** Data records follows **

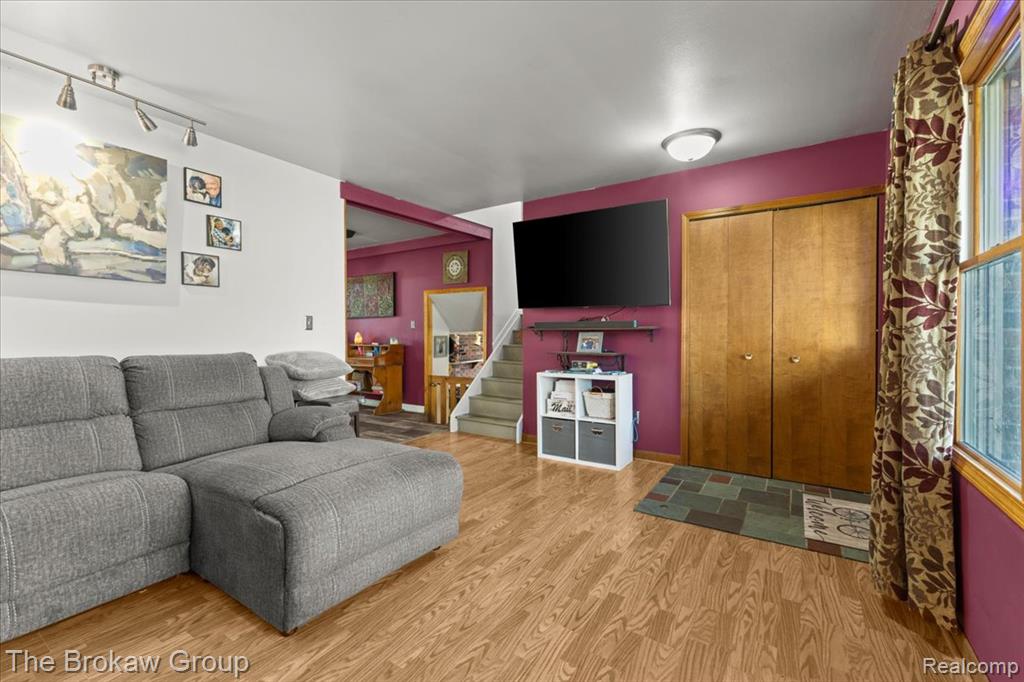 10490 Green Road, Goodrich Vlg, MI — Photo 13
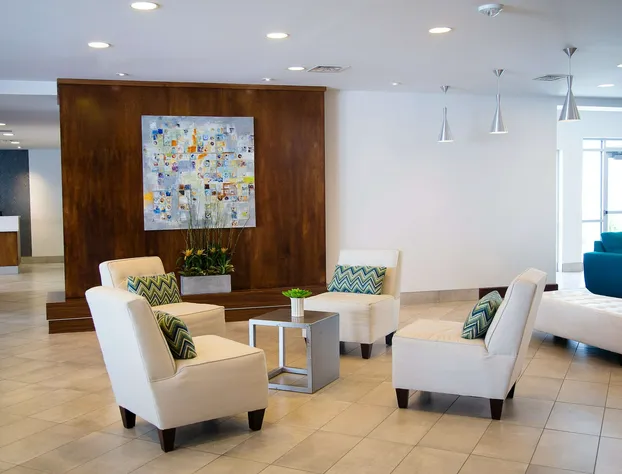 DoubleTree by Hilton Omaha Southwest hotel detail image 3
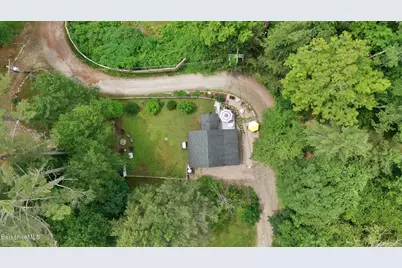 25 Pine St, New Marlboro, MA 01230 - Photo 31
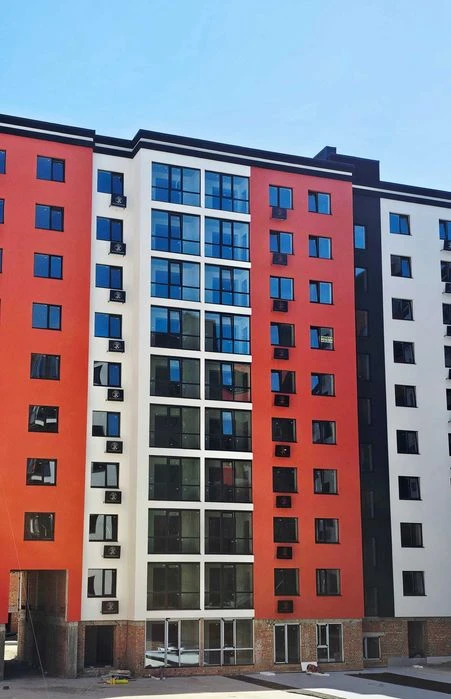 Продаж 1-кімнатної квартири на 2-му житловому поверсі, центр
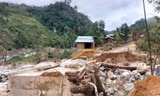 Sạt lở tại huyện Nam Trà My, Quảng Nam.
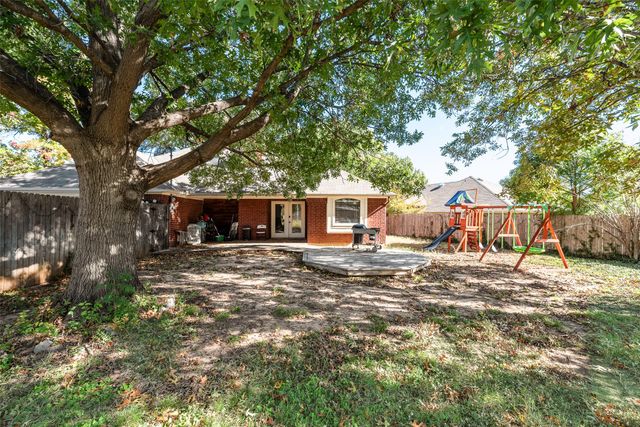 4102 Autumn Ridge Court, Arlington, TX 76016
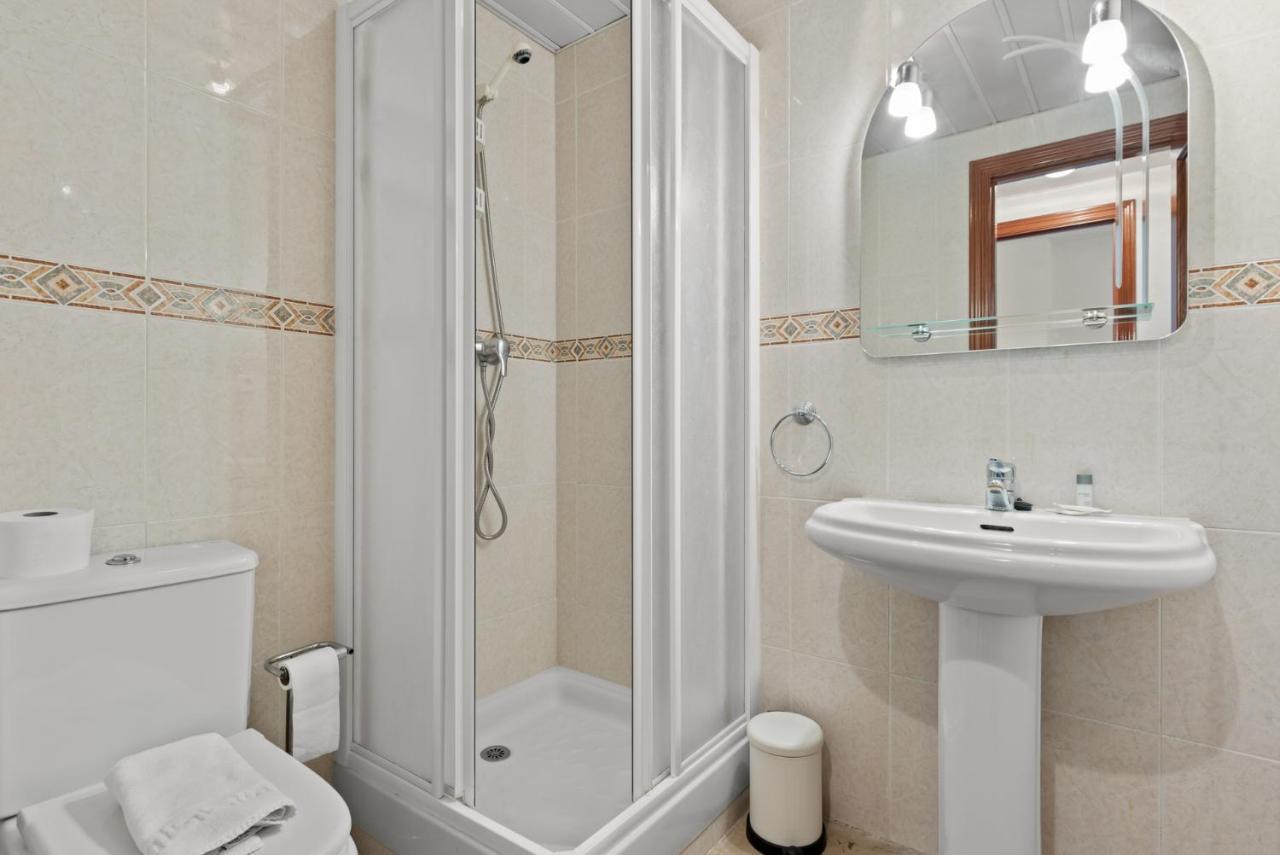 Appartement Marysol Beachclose With Pool By Costarentals - Ref 200 *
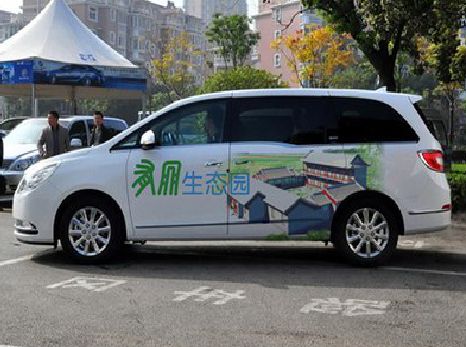 老河口户外车贴喷绘如何保持效果?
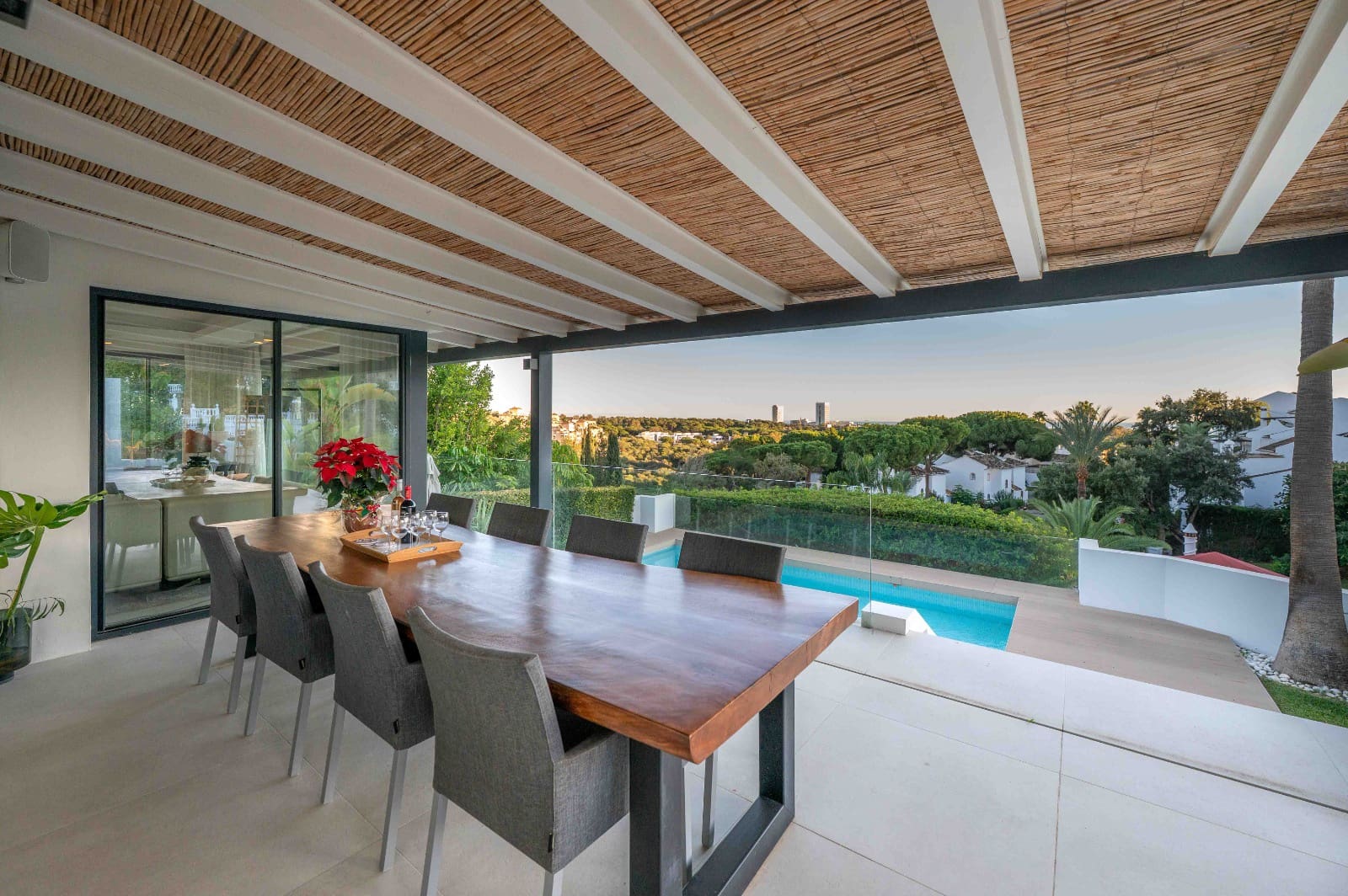 4 sypialnia Willa na sprzedaż w Elviria z basenem garażem - 2 390 000 € (Ref: 9438929)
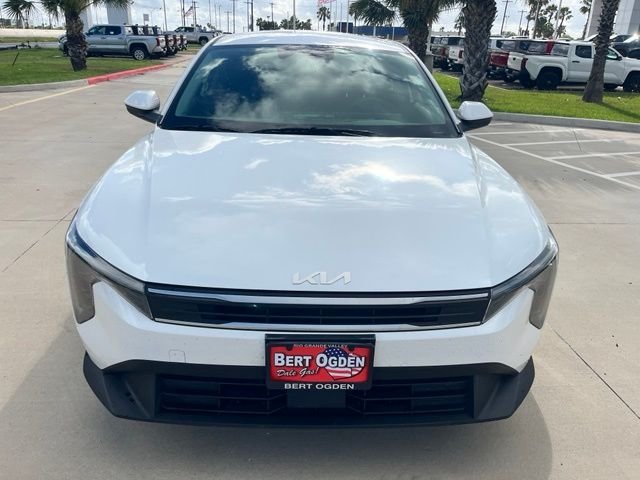 Used 2025 White Kia LX image 2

** End of Data records **

• [What needs to be done]
Reproduce exactly the lines above from the one with "Appartement Marysol Beachclose" through the last line of the data, keeping both ends and dropping the pictures.

• [Solved exercise]
 Appartement Marysol Beachclose With Pool By Costarentals - Ref 200 *
 老河口户外车贴喷绘如何保持效果?
 4 sypialnia Willa na sprzedaż w Elviria z basenem garażem - 2 390 000 € (Ref: 9438929)
 Used 2025 White Kia LX image 2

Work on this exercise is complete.